Sub-skills run autonomously: the mode:autonomous token (plus FLOW_AUTONOMOUS=1 env for process-level drivers) suppresses questions and picks safe defaults — work branches deterministically, make-pr forces a draft PR and hard-errors instead of prompting. The signal is deliberately distinct from FLOW_RALPH, so none of the Ralph harness hooks activate.

Every tick ends with exactly one machine-greppable line — the last line of output, nothing after it:

PILOT_VERDICT=<ADVANCED|NO_WORK|BLOCKED|NEEDS_HUMAN> spec=<id> stage=<stage> reason="<one line>"
VerdictMeaning
ADVANCEDThe selected spec moved one stage; evidence echoed above the line
NO_WORKNo ready spec qualifies — the driver should stop
BLOCKEDHealthy tick, but the stage did not advance (strike=1/2 or 2/2)
NEEDS_HUMANDirty tree, closed-not-merged PR, gh failure, or genuine ambiguity — state left untouched

This shape exists because /goal validators are transcript-blind: they read conversation output only and never run tools. Pilot therefore echoes its verification evidence (flowctl fields, task counts, PR URL) into the transcript, and you phrase stop conditions against the grammar.

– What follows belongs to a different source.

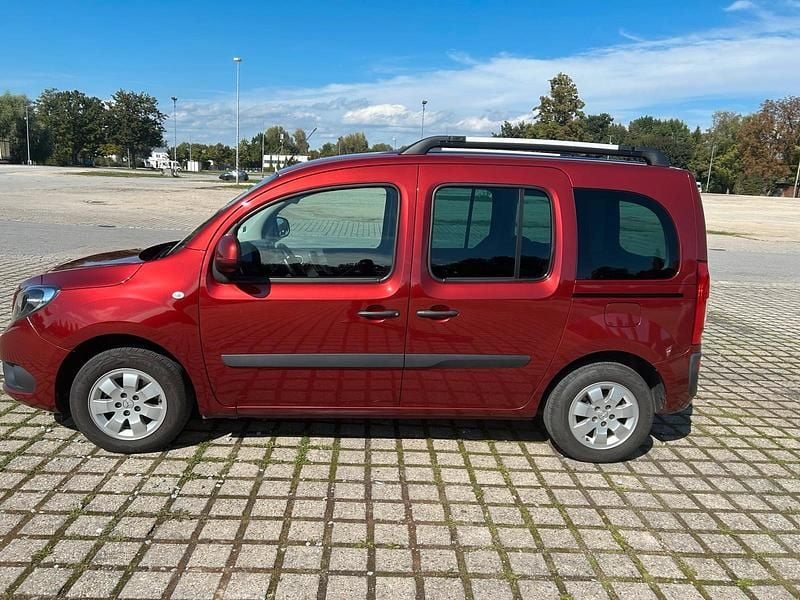 Rot Gebraucht 2018 Mercedes Citan 112 Kombi | 15.350 € (Fairer Preis) - Bild 1/4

Claude Code /goal (v2.1.139+):

/goal keep running /flow-next:pilot until it prints PILOT_VERDICT=NO_WORK, or stop after 20 turns

Claude Code /loop (v2.1.72+; loops expire after 7 days):

/loop 10m /flow-next:pilot

Codex /goal — opt-in: add [features] goals = true to your Codex config (CLI ≥ 0.128.0). There is no $skill-in-goal syntax on Codex — write a plain-text objective that names the behavior and the grammar:

/goal Run the flow-next pilot skill repeatedly: each run advances one ready spec by one
pipeline stage and ends with a PILOT_VERDICT line. Stop when it prints
PILOT_VERDICT=NO_WORK or PILOT_VERDICT=NEEDS_HUMAN.

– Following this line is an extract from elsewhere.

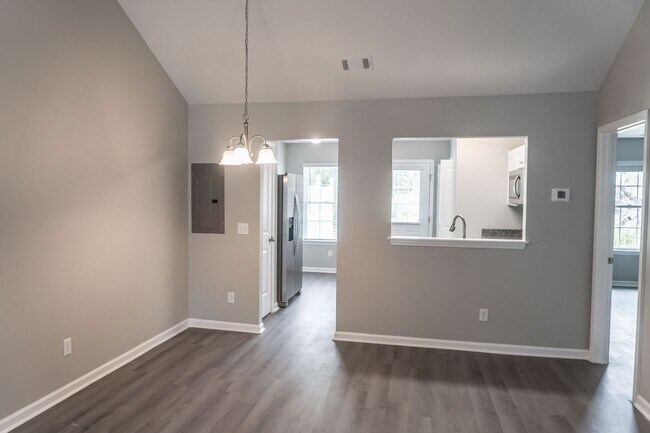 Foto del edificio - NOW LEASING! New Townhomes in Rincon!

Iteration caps, budgets, and wall-clock limits belong to the driver (/goal stop clauses, --tokens, /loop cadence) — a tick has no timeout machinery.

A spec that fails to advance on two healthy ticks is taken out of selection: pilot clears its ready flag (flowctl spec unready) and the BLOCKED verdict carries the reason. Strikes live in a ledger under .git/ (shared across worktrees, never committable). Re-blessing the spec clears its strikes — an explicit human reset (flowctl spec ready, or the board move below on tracker-connected repos).

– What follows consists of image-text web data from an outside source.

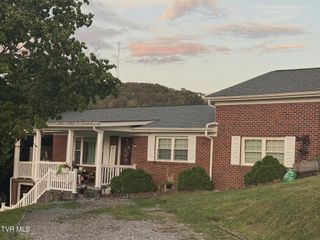 103 Peaceful Street, Clintwood, VA 24228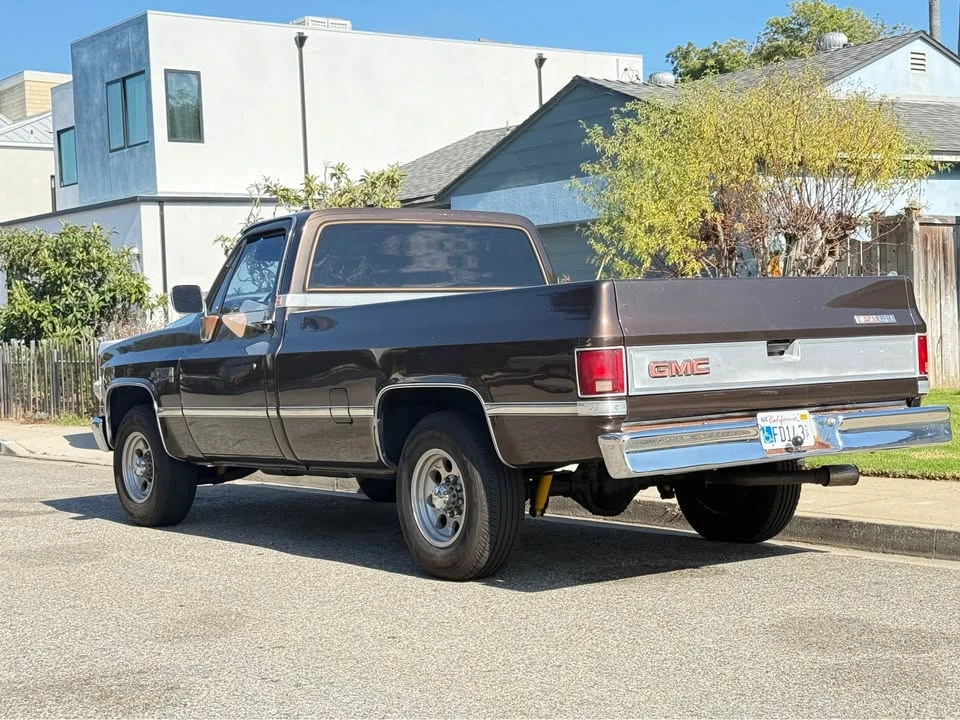 1982 GMC C/K 3rd Gen - Image 2 of 10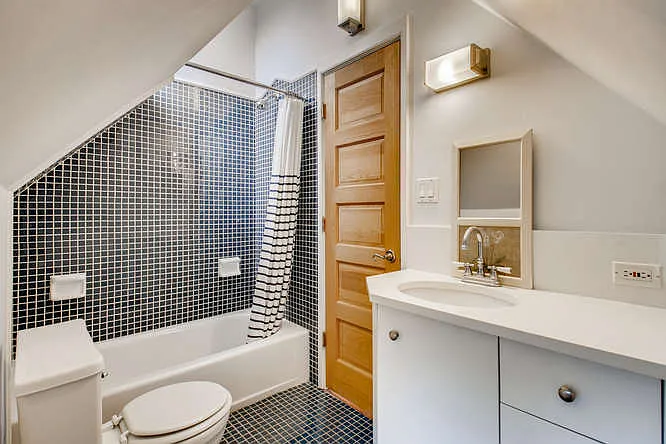 1429 W Roscoe St #2 — Photo 8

Pilot consumes exactly one gate: the ready flag. Where that flag comes from depends on your setup, and it changes how you steer a running loop:

Local repos (no tracker, or tracker.readyState unset). flowctl spec ready / unready is authoritative. You bless work on the command line; pilot’s two-strike unready sticks until you re-bless the same way.

Tracker-connected repos (tracker.readyState configured). The board is the control plane. The readiness projection pulls one-way from the tracker: a Linear issue in the configured workflow state (or a GitHub issue carrying the configured label) means ready=true; anything else means ready=false. Move an issue into that state to feed pilot work; move it out to starve the loop. Local spec ready writes are overwritten on the next pull — bless on the board, not the CLI.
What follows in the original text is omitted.